Required work
The reply has to contain each record exactly as written.

Supplied data

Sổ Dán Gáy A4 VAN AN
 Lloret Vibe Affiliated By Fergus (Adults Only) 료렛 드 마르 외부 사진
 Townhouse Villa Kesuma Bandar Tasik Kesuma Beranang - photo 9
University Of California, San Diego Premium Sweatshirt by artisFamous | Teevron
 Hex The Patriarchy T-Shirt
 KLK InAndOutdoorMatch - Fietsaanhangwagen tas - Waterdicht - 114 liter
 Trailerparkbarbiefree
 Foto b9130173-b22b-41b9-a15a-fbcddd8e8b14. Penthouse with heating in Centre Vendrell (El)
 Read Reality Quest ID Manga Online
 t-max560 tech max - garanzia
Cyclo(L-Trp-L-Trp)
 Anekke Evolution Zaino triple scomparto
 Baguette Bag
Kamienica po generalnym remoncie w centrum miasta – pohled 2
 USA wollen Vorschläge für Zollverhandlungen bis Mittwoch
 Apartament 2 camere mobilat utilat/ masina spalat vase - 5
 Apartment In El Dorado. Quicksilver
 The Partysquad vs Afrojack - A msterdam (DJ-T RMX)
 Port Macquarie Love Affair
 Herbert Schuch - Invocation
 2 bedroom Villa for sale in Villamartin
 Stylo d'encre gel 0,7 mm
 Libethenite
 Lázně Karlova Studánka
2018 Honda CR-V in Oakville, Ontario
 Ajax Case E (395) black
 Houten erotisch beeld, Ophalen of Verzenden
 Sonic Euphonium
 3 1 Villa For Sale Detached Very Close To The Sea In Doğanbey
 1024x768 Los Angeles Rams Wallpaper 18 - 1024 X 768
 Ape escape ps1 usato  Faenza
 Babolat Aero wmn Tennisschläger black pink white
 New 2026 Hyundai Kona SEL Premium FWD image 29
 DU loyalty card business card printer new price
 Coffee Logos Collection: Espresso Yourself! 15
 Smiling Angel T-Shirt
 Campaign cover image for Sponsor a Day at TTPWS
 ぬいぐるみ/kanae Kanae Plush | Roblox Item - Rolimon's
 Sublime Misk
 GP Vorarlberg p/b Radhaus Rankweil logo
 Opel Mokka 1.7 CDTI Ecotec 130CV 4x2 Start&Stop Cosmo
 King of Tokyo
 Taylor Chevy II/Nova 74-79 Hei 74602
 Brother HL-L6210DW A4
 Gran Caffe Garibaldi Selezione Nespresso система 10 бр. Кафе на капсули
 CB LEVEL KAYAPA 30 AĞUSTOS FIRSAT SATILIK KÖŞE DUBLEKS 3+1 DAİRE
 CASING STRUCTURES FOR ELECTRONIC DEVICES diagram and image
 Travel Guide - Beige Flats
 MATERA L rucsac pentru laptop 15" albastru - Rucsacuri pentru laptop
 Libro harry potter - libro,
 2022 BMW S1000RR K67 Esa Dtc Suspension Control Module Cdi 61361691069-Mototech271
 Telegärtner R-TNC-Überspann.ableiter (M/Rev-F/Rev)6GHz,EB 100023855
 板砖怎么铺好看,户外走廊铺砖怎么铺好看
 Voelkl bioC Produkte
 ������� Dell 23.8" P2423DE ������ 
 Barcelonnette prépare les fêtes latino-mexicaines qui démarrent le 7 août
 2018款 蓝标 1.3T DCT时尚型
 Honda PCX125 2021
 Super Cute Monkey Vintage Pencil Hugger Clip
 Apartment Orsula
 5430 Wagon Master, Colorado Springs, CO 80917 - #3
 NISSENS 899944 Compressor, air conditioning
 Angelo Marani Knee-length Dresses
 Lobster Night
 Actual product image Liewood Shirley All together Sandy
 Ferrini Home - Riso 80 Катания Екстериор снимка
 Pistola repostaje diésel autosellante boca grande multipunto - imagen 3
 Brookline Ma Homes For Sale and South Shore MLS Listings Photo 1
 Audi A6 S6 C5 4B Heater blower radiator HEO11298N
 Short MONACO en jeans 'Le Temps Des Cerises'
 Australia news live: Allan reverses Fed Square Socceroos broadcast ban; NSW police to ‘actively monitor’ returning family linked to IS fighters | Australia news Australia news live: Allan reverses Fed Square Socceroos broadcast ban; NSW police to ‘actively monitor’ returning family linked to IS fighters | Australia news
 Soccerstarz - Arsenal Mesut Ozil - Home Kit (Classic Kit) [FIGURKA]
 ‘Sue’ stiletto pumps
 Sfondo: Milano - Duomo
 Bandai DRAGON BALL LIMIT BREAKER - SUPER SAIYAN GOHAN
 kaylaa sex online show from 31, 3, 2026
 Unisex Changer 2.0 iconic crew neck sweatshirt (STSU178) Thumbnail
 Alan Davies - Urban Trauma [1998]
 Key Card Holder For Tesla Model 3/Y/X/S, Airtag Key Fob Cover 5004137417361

Output below
Sổ Dán Gáy A4 VAN AN
 Lloret Vibe Affiliated By Fergus (Adults Only) 료렛 드 마르 외부 사진
 Townhouse Villa Kesuma Bandar Tasik Kesuma Beranang - photo 9
University Of California, San Diego Premium Sweatshirt by artisFamous | Teevron
 Hex The Patriarchy T-Shirt
 KLK InAndOutdoorMatch - Fietsaanhangwagen tas - Waterdicht - 114 liter
 Trailerparkbarbiefree
 Foto b9130173-b22b-41b9-a15a-fbcddd8e8b14. Penthouse with heating in Centre Vendrell (El)
 Read Reality Quest ID Manga Online
 t-max560 tech max - garanzia
Cyclo(L-Trp-L-Trp)
 Anekke Evolution Zaino triple scomparto
 Baguette Bag
Kamienica po generalnym remoncie w centrum miasta – pohled 2
 USA wollen Vorschläge für Zollverhandlungen bis Mittwoch
 Apartament 2 camere mobilat utilat/ masina spalat vase - 5
 Apartment In El Dorado. Quicksilver
 The Partysquad vs Afrojack - A msterdam (DJ-T RMX)
 Port Macquarie Love Affair
 Herbert Schuch - Invocation
 2 bedroom Villa for sale in Villamartin
 Stylo d'encre gel 0,7 mm
 Libethenite
 Lázně Karlova Studánka
2018 Honda CR-V in Oakville, Ontario
 Ajax Case E (395) black
 Houten erotisch beeld, Ophalen of Verzenden
 Sonic Euphonium
 3 1 Villa For Sale Detached Very Close To The Sea In Doğanbey
 1024x768 Los Angeles Rams Wallpaper 18 - 1024 X 768
 Ape escape ps1 usato  Faenza
 Babolat Aero wmn Tennisschläger black pink white
 New 2026 Hyundai Kona SEL Premium FWD image 29
 DU loyalty card business card printer new price
 Coffee Logos Collection: Espresso Yourself! 15
 Smiling Angel T-Shirt
 Campaign cover image for Sponsor a Day at TTPWS
 ぬいぐるみ/kanae Kanae Plush | Roblox Item - Rolimon's
 Sublime Misk
 GP Vorarlberg p/b Radhaus Rankweil logo
 Opel Mokka 1.7 CDTI Ecotec 130CV 4x2 Start&Stop Cosmo
 King of Tokyo
 Taylor Chevy II/Nova 74-79 Hei 74602
 Brother HL-L6210DW A4
 Gran Caffe Garibaldi Selezione Nespresso система 10 бр. Кафе на капсули
 CB LEVEL KAYAPA 30 AĞUSTOS FIRSAT SATILIK KÖŞE DUBLEKS 3+1 DAİRE
 CASING STRUCTURES FOR ELECTRONIC DEVICES diagram and image
 Travel Guide - Beige Flats
 MATERA L rucsac pentru laptop 15" albastru - Rucsacuri pentru laptop
 Libro harry potter - libro,
 2022 BMW S1000RR K67 Esa Dtc Suspension Control Module Cdi 61361691069-Mototech271
 Telegärtner R-TNC-Überspann.ableiter (M/Rev-F/Rev)6GHz,EB 100023855
 板砖怎么铺好看,户外走廊铺砖怎么铺好看
 Voelkl bioC Produkte
 ������� Dell 23.8" P2423DE ������ 
 Barcelonnette prépare les fêtes latino-mexicaines qui démarrent le 7 août
 2018款 蓝标 1.3T DCT时尚型
 Honda PCX125 2021
 Super Cute Monkey Vintage Pencil Hugger Clip
 Apartment Orsula
 5430 Wagon Master, Colorado Springs, CO 80917 - #3
 NISSENS 899944 Compressor, air conditioning
 Angelo Marani Knee-length Dresses
 Lobster Night
 Actual product image Liewood Shirley All together Sandy
 Ferrini Home - Riso 80 Катания Екстериор снимка
 Pistola repostaje diésel autosellante boca grande multipunto - imagen 3
 Brookline Ma Homes For Sale and South Shore MLS Listings Photo 1
 Audi A6 S6 C5 4B Heater blower radiator HEO11298N
 Short MONACO en jeans 'Le Temps Des Cerises'
 Australia news live: Allan reverses Fed Square Socceroos broadcast ban; NSW police to ‘actively monitor’ returning family linked to IS fighters | Australia news Australia news live: Allan reverses Fed Square Socceroos broadcast ban; NSW police to ‘actively monitor’ returning family linked to IS fighters | Australia news
 Soccerstarz - Arsenal Mesut Ozil - Home Kit (Classic Kit) [FIGURKA]
 ‘Sue’ stiletto pumps
 Sfondo: Milano - Duomo
 Bandai DRAGON BALL LIMIT BREAKER - SUPER SAIYAN GOHAN
 kaylaa sex online show from 31, 3, 2026
 Unisex Changer 2.0 iconic crew neck sweatshirt (STSU178) Thumbnail
 Alan Davies - Urban Trauma [1998]
 Key Card Holder For Tesla Model 3/Y/X/S, Airtag Key Fob Cover 5004137417361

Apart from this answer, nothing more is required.